It’s initially difficult to know what to make of First Period, largely because it takes a while to get used to the fact the two main female characters are actually played by men. It’s certainly not the first time a film has done it, but there’s something about First Period that initially makes it feel particularly incongruous. I’m not sure what it is, but it may be because normally when it’s done, half the joke is the fact it’s a ‘man in a dress’, but that’s not true here, as it’s never even hinted that Cassie (Brandon Alexander III) and Maggie (Dudley Beene) are anything other than American teenage girls.
The film is a loving homage/send-up of 80s teen movies, with Cassie starting a new school and keen to be noticed and popular. However the moment she turns up the bitchy, popular clique are quick to ensure the slightly overweight girl knows she’s at the bottom of the social heap and that her dreams of popularity are laughable.

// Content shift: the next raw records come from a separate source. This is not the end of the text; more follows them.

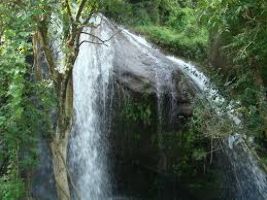 Monkey Falls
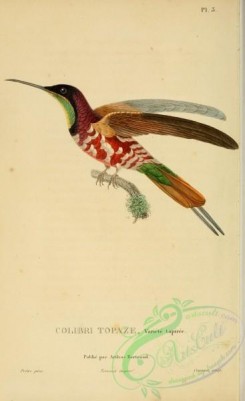hummingbirds-00712 - 003, trochilus pella [2197x3587]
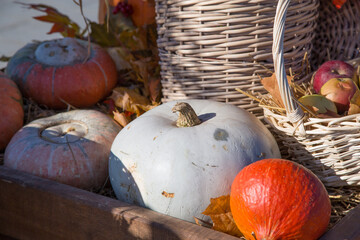 pumpkin autumn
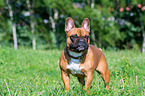 French Bulldog
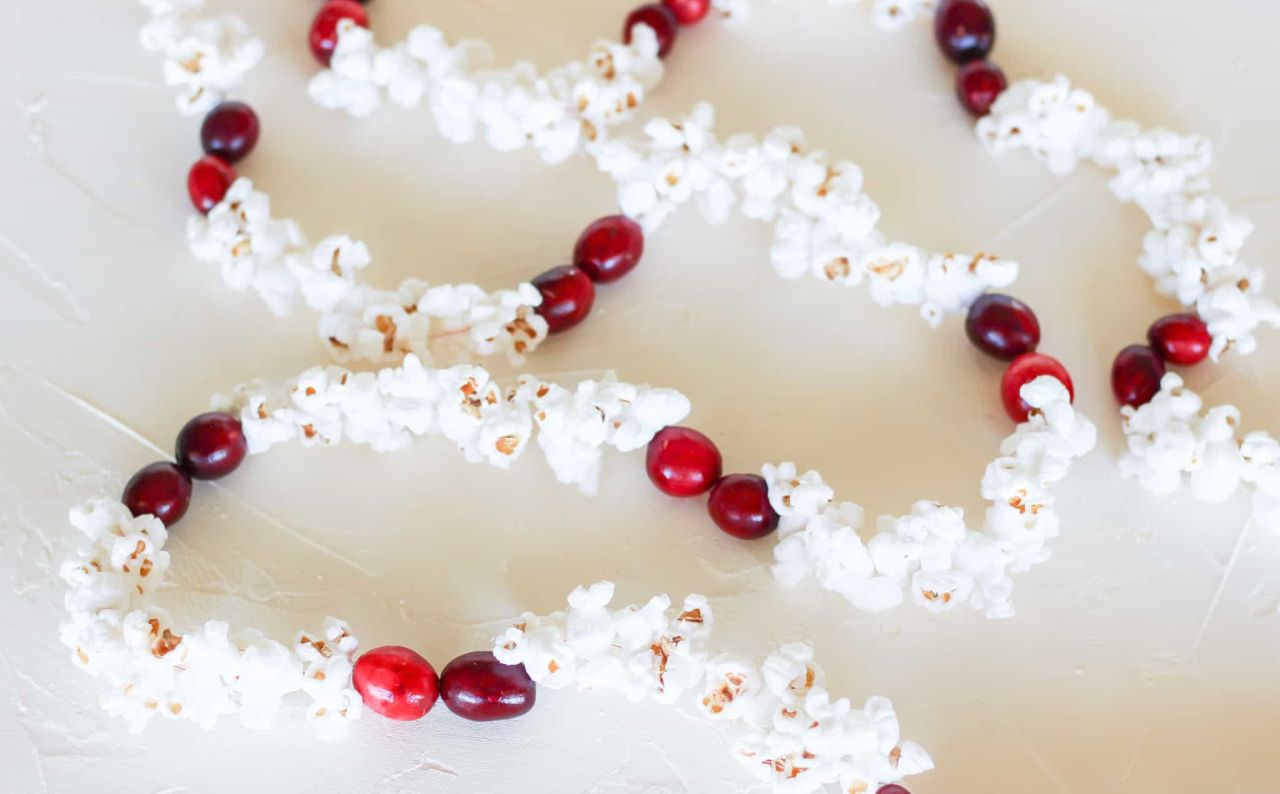 Popcorn Christmas garland with cranberries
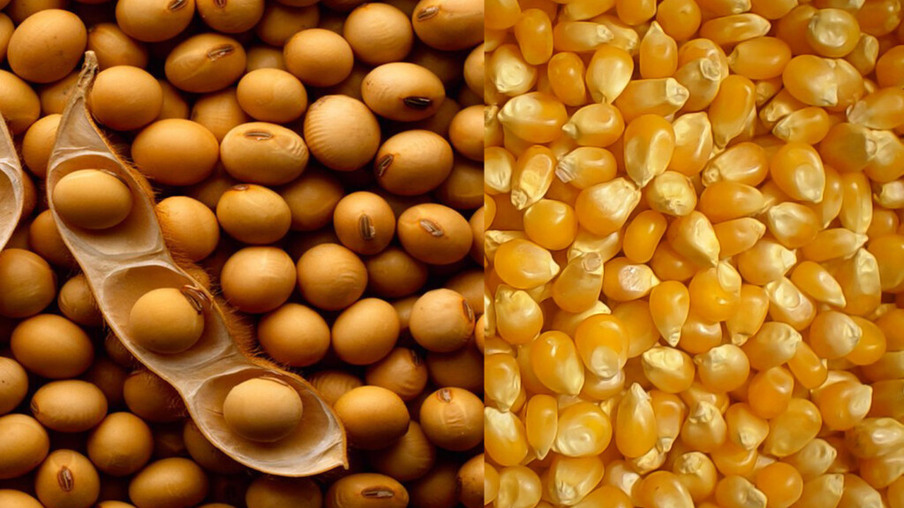 Argentina: milho ganha impulso inesperado devido ao bom clima na safra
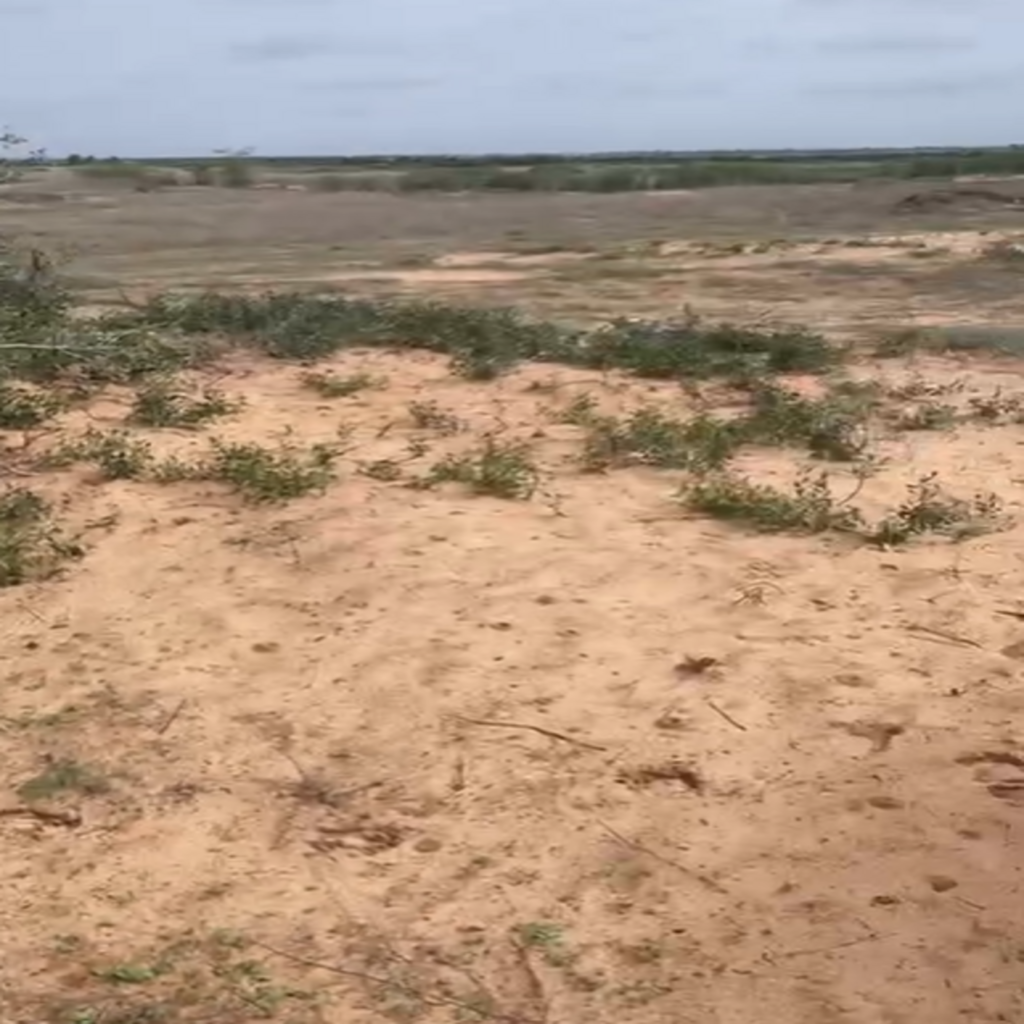 Verger de 5,78 Hectares vers Darou khoudoss – Tivaouane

She does however befriend Maggie, who’s about as unpopular as it’s possible to be, but has a good heart despite her occasional plans for murder.

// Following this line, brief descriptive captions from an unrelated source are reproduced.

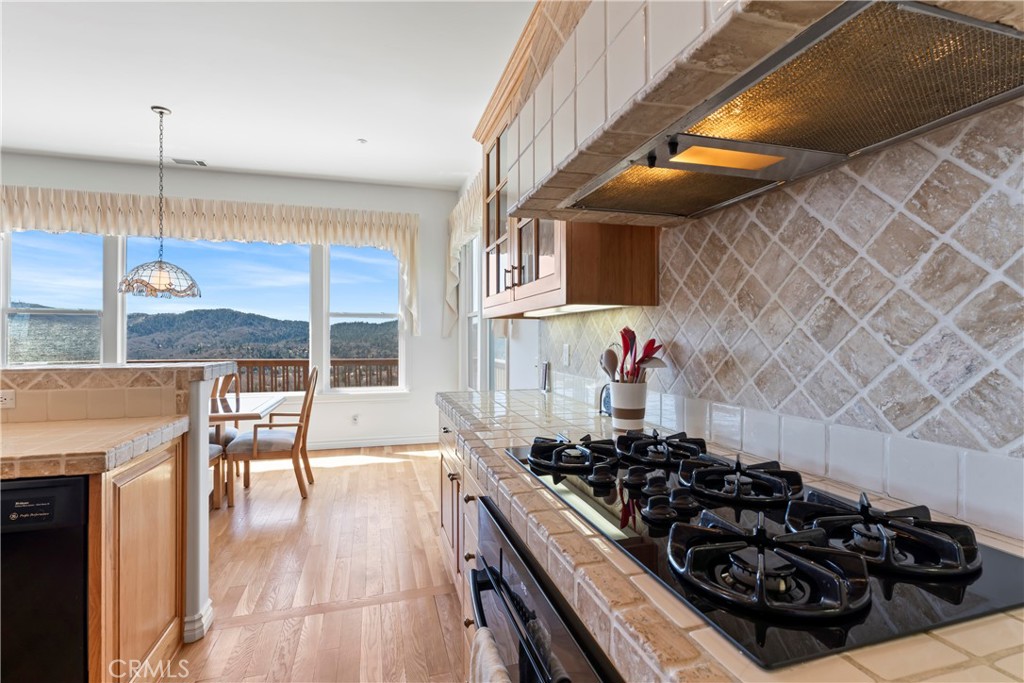 29083 Mammoth Drive Property Photo 45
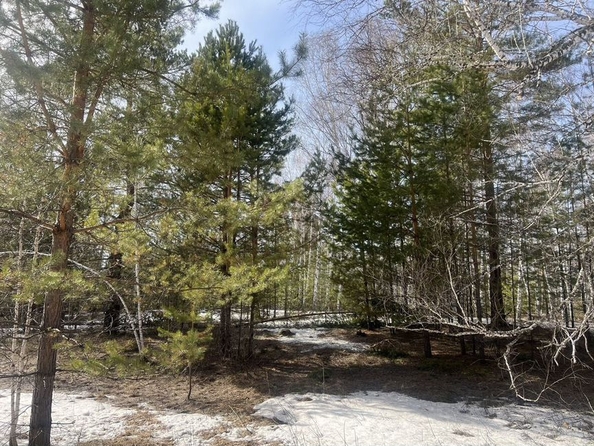 
  Продается земельный участок, 9 соток, село Баюновские Ключи
. Фото 18.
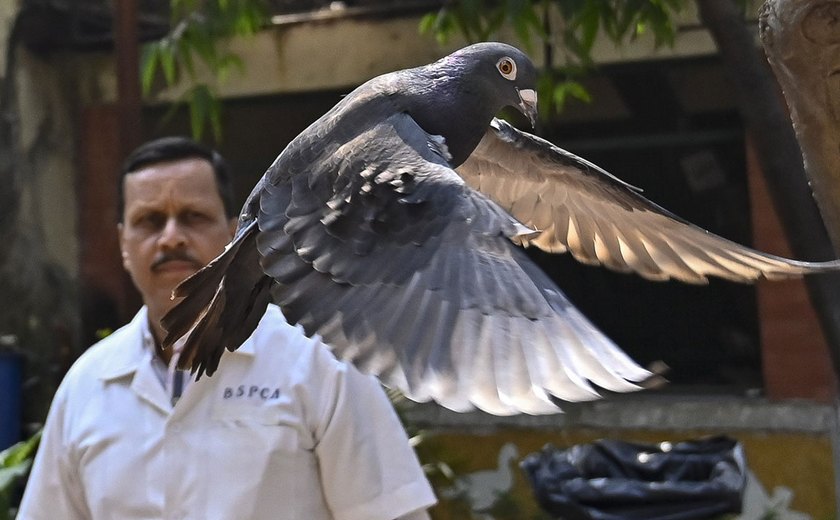 Pombo suspeito de espionagem é liberado após 8 meses preso na Índia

Cassie’s efforts at gaining status seem doomed to come to nothing, but then she catches the wrath of the popular girls when she and Maggie enter the annual talent show. Heather and her friend, Other Heather, become determined the beat Cassie, no matter what it takes, and that includes making Cassie and Maggie think they’re popular in order to try and split them up. However the Heathers’ boyfriends may have a surprise for them.
First Period is certainly an unusual film, but it has an obvious love for the 80s teen flicks that it takes its inspiration from and its heart is absolutely in the right place. While a little overly silly at times, Brandon Alexander III’s script is at turns sweet and sometimes very funny indeed. The movie also ensures that it has a proper story with an emotional heart, which helps ensure that while objectively it’s very episodic (the early parts in particular are almost a series of comedy sketches), it flows extremely well and will keep a smile on your face.

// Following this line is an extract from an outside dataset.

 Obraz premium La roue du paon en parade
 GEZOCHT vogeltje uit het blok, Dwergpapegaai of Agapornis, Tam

To get the most from it, it is best to be familiar with the likes of Pretty In Pink and Sixteen Candles, but even if you don’t know those films First Period should keep you amused with its tongue in cheek pastiche and campy humour. Gay audiences should also appreciate Michael Turkin and Leigh Wakeford’s Dirk and Brett, as one of them may be in the closet and the other takes his shirt off whenever ordered. Plus, it all leads to a finale that gets as many guys to dance in their underwear as possible.
First Period is that rare film that was obviously made primarily for a gay audience while not being exceptionally gay in itself. Sure there are LGBT characters, but it’s more the perspective of the movie which is gay than the actual plot. That is interesting in itself, as it shows quite how ingrained heterosexuality is in nearly everything, and that it’s not just the characters and relationships in most entertainment that is straight, it’s the entire outlook that’s infused into everything. However we only tend to notice that when it’s stripped away and an overtly gay viewpoint is put in its place, as it is here.
We could do with more films like this, but I doubt we’ll get too many. It’s a shame, but if you like a film that’s a little silly, a little sweet, a bit camp and pretty funny, you could do a lot worse than First Period.
Overall Verdict: First Period manages to acutely pay homage to 80s teen flicks while subverting things at the same time, resulting in a film that’s a lot of fun and infused with a gay sensibility.